Problem

Table: Orders

+-----------------+----------+
| Column Name     | Type     |
+-----------------+----------+
| order_number    | int      |
| customer_number | int      |
+-----------------+----------+

order_number is the primary key for this table.
This table contains information about the order ID and the customer ID.

Write an SQL query to find the customer_number for the customer who has placed the largest number of orders.

The test cases are generated so that exactly one customer will have placed more orders than any other customer.

Examples

Example 1:

Input: Orders table:

+--------------+-----------------+
| order_number | customer_number |
+--------------+-----------------+
| 1            | 1               |
| 2            | 2               |
| 3            | 3               |
| 4            | 3               |
+--------------+-----------------+

Output:

+-----------------+
| customer_number |
+-----------------+
| 3               |
+-----------------+

Explanation: The customer with number 3 has two orders, which is greater than either customer 1 or 2 because each of them only has one order. So the result is customer_number 3.

Follow up

What if more than one customer has the largest number of orders, can you find all the customer_number in this case?

Solution

Method 1 - Using Count, Sorting Count and Limit 1

Code

SQL
SELECT customer_number
FROM Orders
GROUP BY customer_number
ORDER BY COUNT(*) DESC
LIMIT 1;

Above query will fail for follow up. Lets try another solution.

Python
import pandas as pd

def largest_orders(orders: pd.DataFrame) -> pd.DataFrame:
    return orders['customer_number'].mode().to_frame()

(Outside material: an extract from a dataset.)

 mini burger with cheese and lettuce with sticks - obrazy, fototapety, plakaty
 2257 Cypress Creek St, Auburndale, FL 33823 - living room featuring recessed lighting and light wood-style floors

Method 2 - Using Subquery to Get Max and Then Filter by count=max

Code

SQL
SELECT customer_number
FROM orders
GROUP BY customer_number
HAVING COUNT(order_number) = (
	SELECT COUNT(order_number) cnt
	FROM orders
	GROUP BY customer_number
	ORDER BY cnt DESC
	LIMIT 1
)
Pandas
import pandas as pd

def largest_orders(orders: pd.DataFrame) -> pd.DataFrame:
    # Group by customer_number and count the number of orders for each customer
    customer_order_counts = orders.groupby('customer_number')['order_number'].count().reset_index()
    
    # Find the customer with the largest number of orders
    max_orders_customer = customer_order_counts[customer_order_counts['order_number'] == customer_order_counts['order_number'].max()][['customer_number']]
    
    return max_orders_customer